Drosophilidae is one of the most diverse and widely distributed dipteran families, encompassing more than 4300 species (Bächli, 2016), encountered throughout different environments above sea level, with the exception of Polar Regions (Throckmorton, 1975). Almost all species in this family present terrestrial life cycles, without any aquatic or semi-aquatic stage across development (Tsacas and Legrand, 1979). Nevertheless, different species present different ecological requirements, and some Drosophilidae species are specially adapted to wet conditions, as observed by Robe et al. (2014) and Freitas (2017) with correlational niche inference methods or by Kellermann et al. (2012a,b) with experimental assessments of physiological resistance. Moreover, according to Oldroyd (1964), even so-called terrestrial species require “damp” micro-habitats.

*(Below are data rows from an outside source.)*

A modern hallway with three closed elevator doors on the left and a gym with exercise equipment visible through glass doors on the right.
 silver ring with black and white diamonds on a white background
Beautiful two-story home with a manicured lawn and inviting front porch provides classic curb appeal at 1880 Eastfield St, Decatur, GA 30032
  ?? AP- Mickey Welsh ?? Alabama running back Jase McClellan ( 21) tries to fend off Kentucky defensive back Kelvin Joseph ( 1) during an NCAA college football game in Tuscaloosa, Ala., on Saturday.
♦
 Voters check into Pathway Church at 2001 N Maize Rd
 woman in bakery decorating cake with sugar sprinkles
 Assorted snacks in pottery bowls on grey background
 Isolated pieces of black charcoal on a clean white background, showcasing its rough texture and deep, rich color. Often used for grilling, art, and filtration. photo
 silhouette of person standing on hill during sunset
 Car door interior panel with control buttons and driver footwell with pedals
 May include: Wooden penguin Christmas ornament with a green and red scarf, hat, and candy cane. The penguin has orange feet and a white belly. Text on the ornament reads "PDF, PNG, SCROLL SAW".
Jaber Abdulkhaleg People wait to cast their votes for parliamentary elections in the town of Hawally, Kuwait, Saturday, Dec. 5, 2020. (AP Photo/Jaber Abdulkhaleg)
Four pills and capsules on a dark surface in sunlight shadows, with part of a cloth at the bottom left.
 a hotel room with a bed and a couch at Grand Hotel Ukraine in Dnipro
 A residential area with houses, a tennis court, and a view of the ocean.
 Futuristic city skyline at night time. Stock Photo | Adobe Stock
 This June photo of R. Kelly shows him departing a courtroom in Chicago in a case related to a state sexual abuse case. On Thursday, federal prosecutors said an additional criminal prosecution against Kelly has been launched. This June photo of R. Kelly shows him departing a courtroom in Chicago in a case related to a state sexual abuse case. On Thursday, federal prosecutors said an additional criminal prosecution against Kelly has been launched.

Although the occurrence of Drosophilidae has already been recorded in freshwater wetlands (Keiper et al., 2002), the composition of their assemblages in these habitats is still poorly understood. Until now, few species were registered in these environments, among which we may highlight: Drosophila quinaria Loew (1866) and D. tripunctata Loew (1862), which emerged from larvae eating Symplocarpus foetidus (L.) Salisb. ex W.P.C. Barton (1817) in decomposition (Grimaldi and Jaenike, 1983); D. deflecta Malloch (1924) in Nuphar lutea (L.) Sm. (1809); and D. palustris Spencer (1942) and D. subpalustris Spencer (1942), which feed on decaying leaves and twigs (Keiper et al., 2002). Another species discovered in wetlands is D. aguapeVal and Marques (1996), collected from Eichhornia azurea (Sw.) Kunth (1843) flowers collected along the Paraguay River, in the Brazilian Pantanal Biome, state of Mato Grosso (Val and Marques, 1996). This apparent low diversity in limnic wetlands contrasts with that found in mangroves (Schmitz et al., 2010), where at least 69 species have been recorded with the use of banana baited traps. However, most species observed by Schmitz et al. (2010) are probably transient in mangroves, since the authors did not find rearing sites in this environment. So, it is possible that this wide disagreement in putative richness patterns is an outcome of the use of different sampling strategies.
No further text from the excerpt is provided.